If we remove the callback from the mCallbackQueue after the download completes, there are still problems as the download may take a while to finish. In the mean-time the user may have scrolled away or navigated to a new screen. Other downloads may have been put into the queue. Before all downloads complete, the system may go out of memory and crash.

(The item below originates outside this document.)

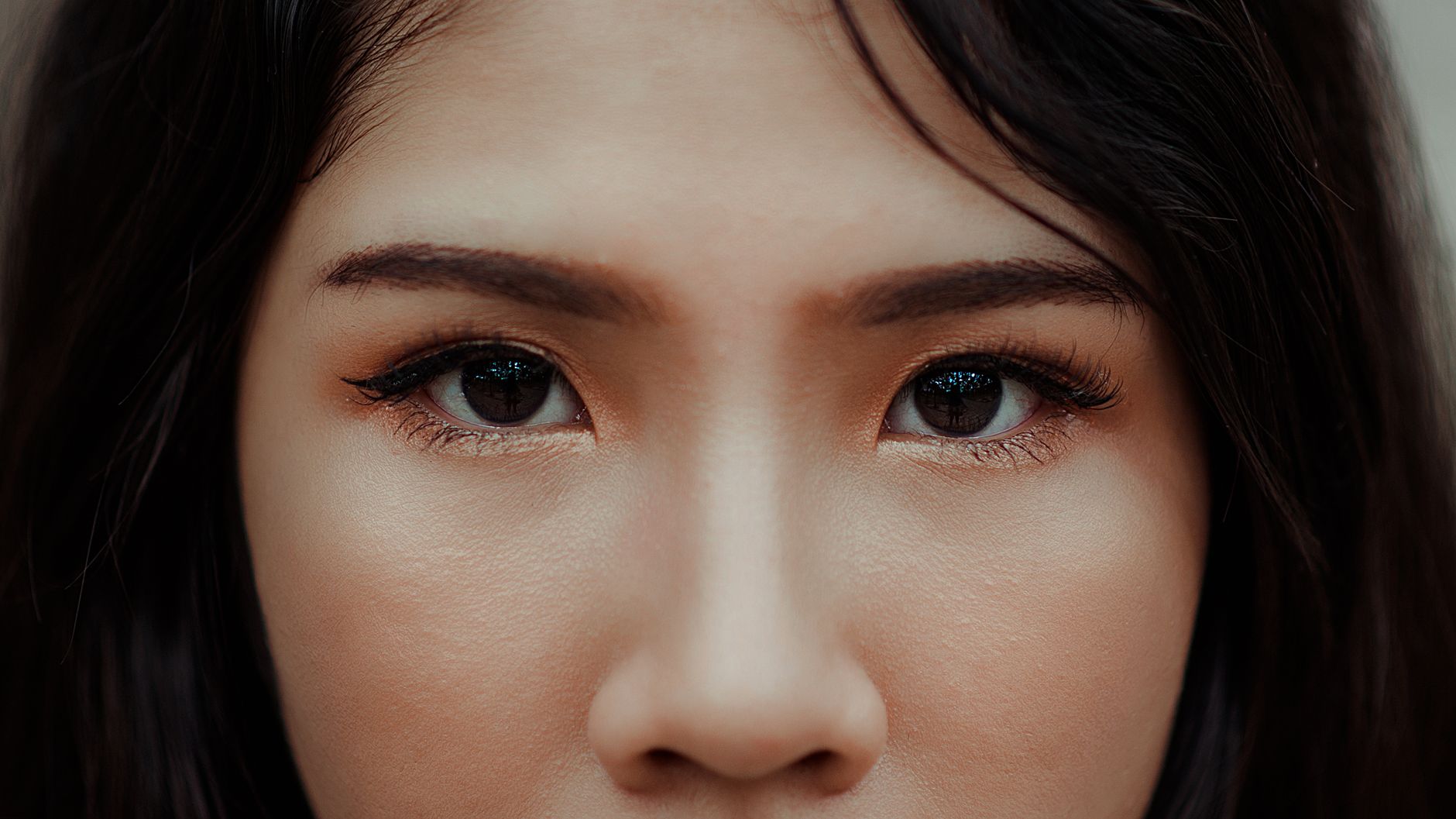 A patient with healthy, clear skin after specialist dermatology care at Clearbrook Singapore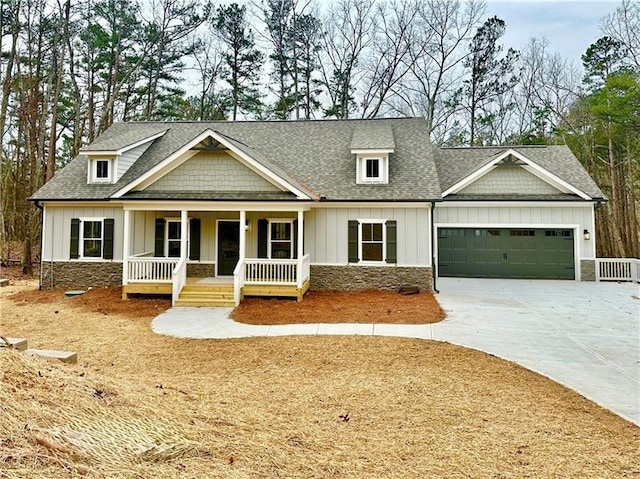 craftsman-style house featuring driveway, a porch, a garage, stone siding, and board and batten siding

Lesson: Avoid passing anonymous inner class objects to static / singleton classes which keep a strong reference to it.

To resolve this issue:

  1. We can follow the same logic we used in the case of the AsyncTask
  2. Alternatively, we could make our singleton hold WeakReference to the callbacks instead:
public class FileManager {

    private static FileManager mInstance;

    public static synchronized FileManager getInstance() {
        if (mInstance == null) {
            mInstance = new FileManager();
        }
        return mInstance;
    }

    public FileManager() {
        mCallbackQueue = new ArrayDeque<WeakReference<DownloadCallback>>();
    }

    private ArrayDeque<WeakReference<DownloadCallback>> mCallbackQueue;

    public void download(String fileId, DownloadCallback callback) {
        mCallbackQueue.add(new WeakReference<DownloadCallback>(callback));
        // ..
        // do the download
        // ..
    }
}

In Javainner classes are a handy construct. The key is to understand how they work and ensure that they are not used (or rather "overused") in situations that can critically impact the memory.